> **The task**
First find the line with "Kaç kitap üzerinde", then reproduce it and all following lines of the data to the end, exactly and with no pictures, adding nothing.

> **Caption-style text data**
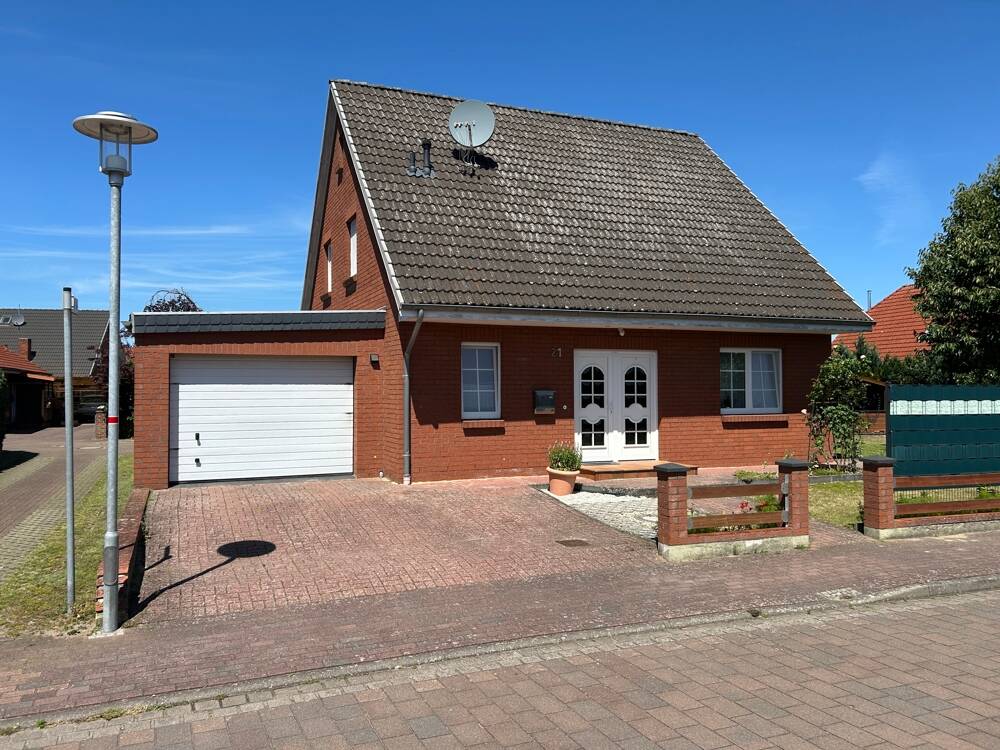 Schönes Einfamilienhaus mit Garage, Gartenhaus und Sauna im Herzen von Bleckede an der Elbe ! – Bleckede – Bild 1 von 9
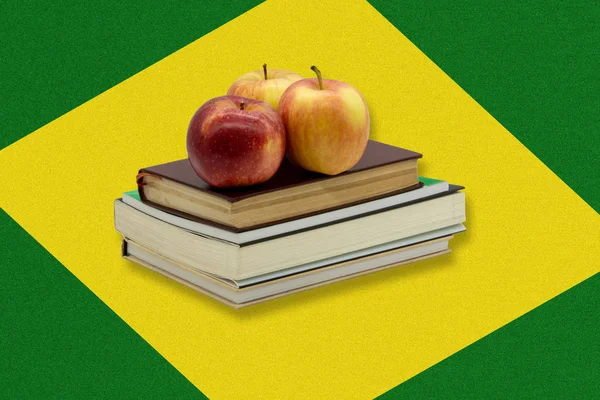 Kaç kitap üzerinde üç elma yeşil gürültülü dikdörtgen arka planda üzerinde kesme gürültülü sarı pastil ile eğitim bir bakış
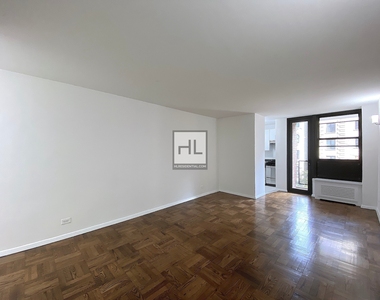 East 35 Street - Photo Thumbnail 1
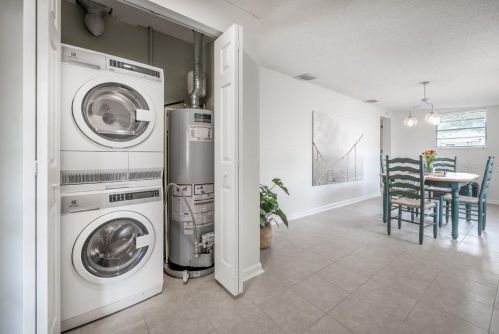 315 Haya St, Tampa FL  33603-1936 exterior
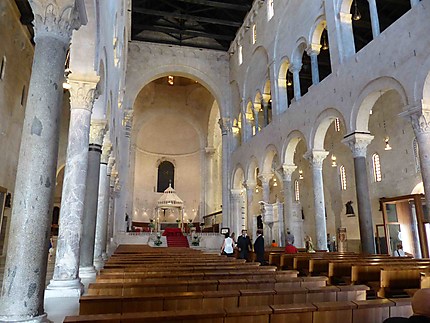 Cathédrale San Sabino de Bari - Intérieur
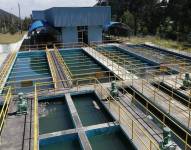 Imagen de una planta de procesamiento de agua potable.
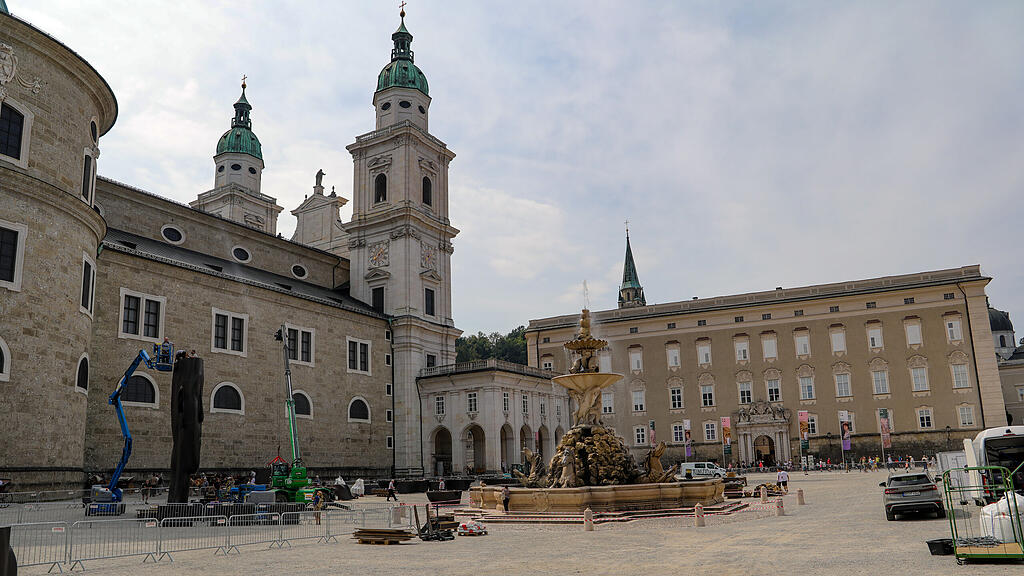 Letzter Frauenkopf am Residenzplatz wird abgebaut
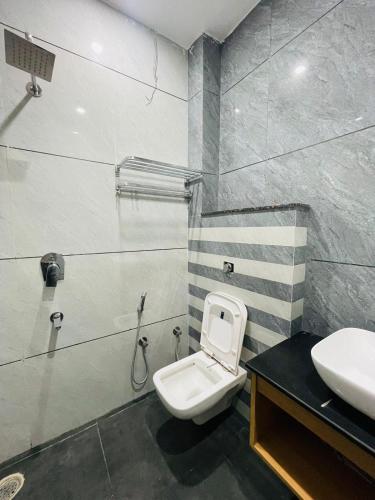 hotel pilgrim near golden temple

> **Written response**
 Kaç kitap üzerinde üç elma yeşil gürültülü dikdörtgen arka planda üzerinde kesme gürültülü sarı pastil ile eğitim bir bakış
 East 35 Street - Photo Thumbnail 1
 315 Haya St, Tampa FL  33603-1936 exterior
 Cathédrale San Sabino de Bari - Intérieur
 Imagen de una planta de procesamiento de agua potable.
 Letzter Frauenkopf am Residenzplatz wird abgebaut
 hotel pilgrim near golden temple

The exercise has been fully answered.